> PROBLEM DETAILS
Copy exactly the lines from the one containing "NCI-H1836 cell line人小细胞肺癌细胞系,NCI-H1836" through the last line of the records below, both included, and leave out the pictures.

** INFORMATION SHOWN follows **

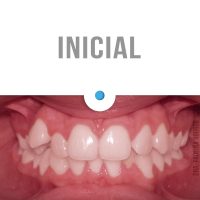 Casos Clínicos Ortodoncia Dinamarca Temuco niños y adultos Frenillos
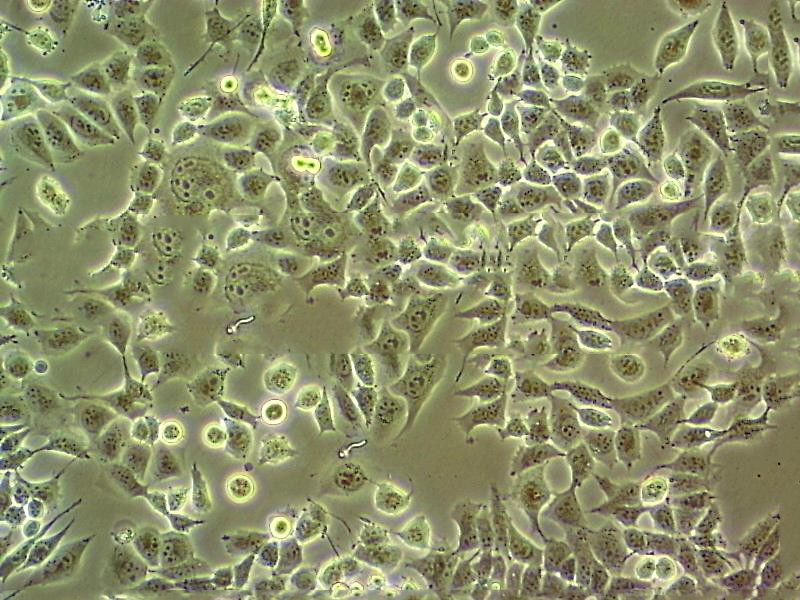 NCI-H1836 cell line人小细胞肺癌细胞系,NCI-H1836 cell line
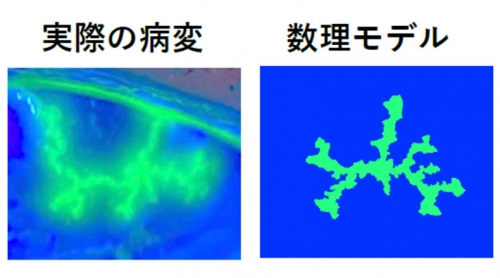 角膜炎の形を「数式」で説明－角膜ヘルペスの多様な病変の形を数理モデルで再現－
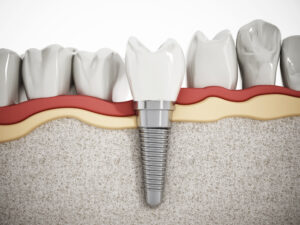 leawood dental implants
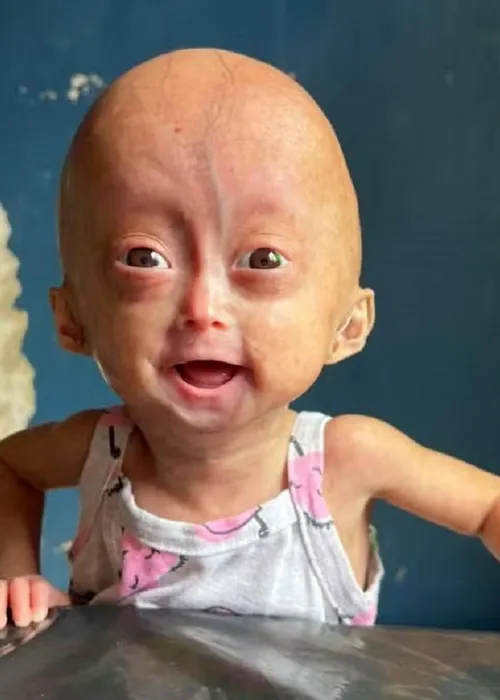 
					Quem era Elis, uma das gêmeas brasileiras diagnosticadas com síndrome rara que morreu aos 5 anos
				
				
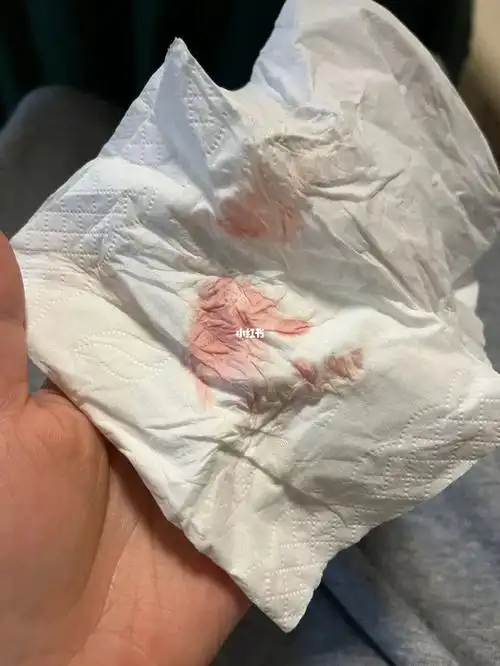 移植第二十天出血了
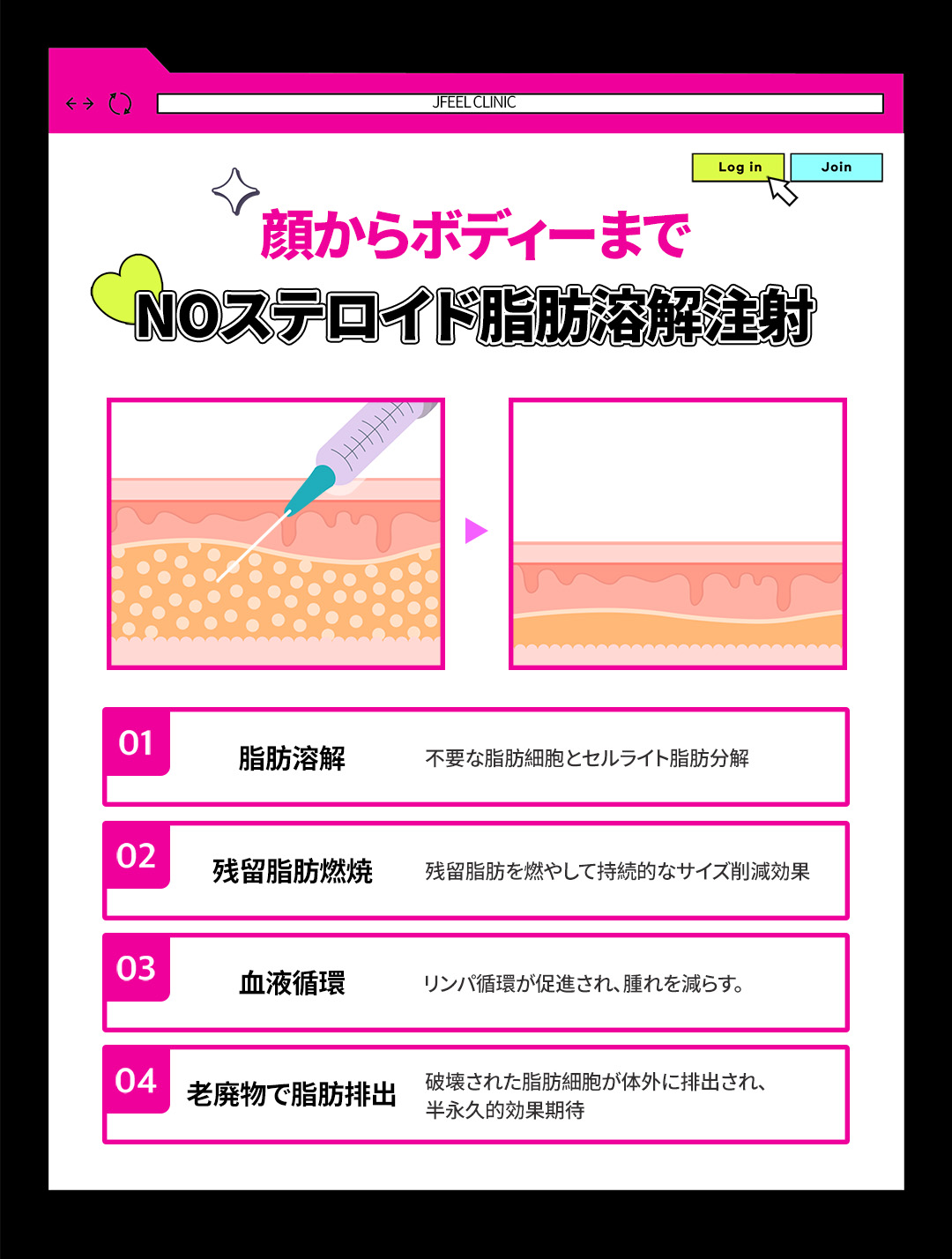 Tiêm tan mỡ & Body HIFU từ 6,550 yên | Hỗ trợ giảm mỡ cục bộ với công thức NO steroid | Jfeel Clinic Hongdae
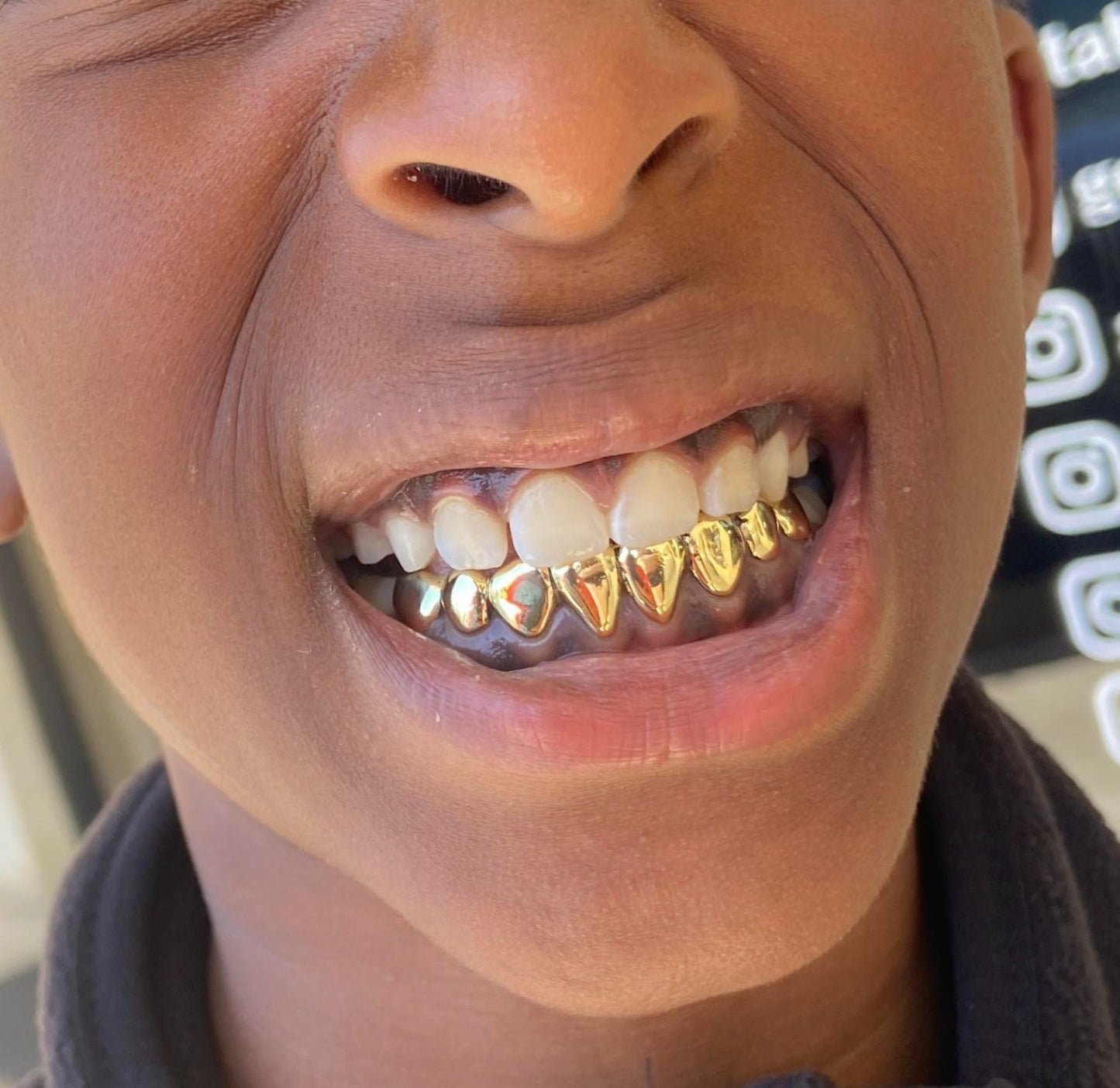 Silver or NPG grillz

** End of INFORMATION SHOWN **

> TASK RESPONSE
 NCI-H1836 cell line人小细胞肺癌细胞系,NCI-H1836 cell line
 角膜炎の形を「数式」で説明－角膜ヘルペスの多様な病変の形を数理モデルで再現－
 leawood dental implants
					Quem era Elis, uma das gêmeas brasileiras diagnosticadas com síndrome rara que morreu aos 5 anos
				
				
 移植第二十天出血了
 Tiêm tan mỡ & Body HIFU từ 6,550 yên | Hỗ trợ giảm mỡ cục bộ với công thức NO steroid | Jfeel Clinic Hongdae
 Silver or NPG grillz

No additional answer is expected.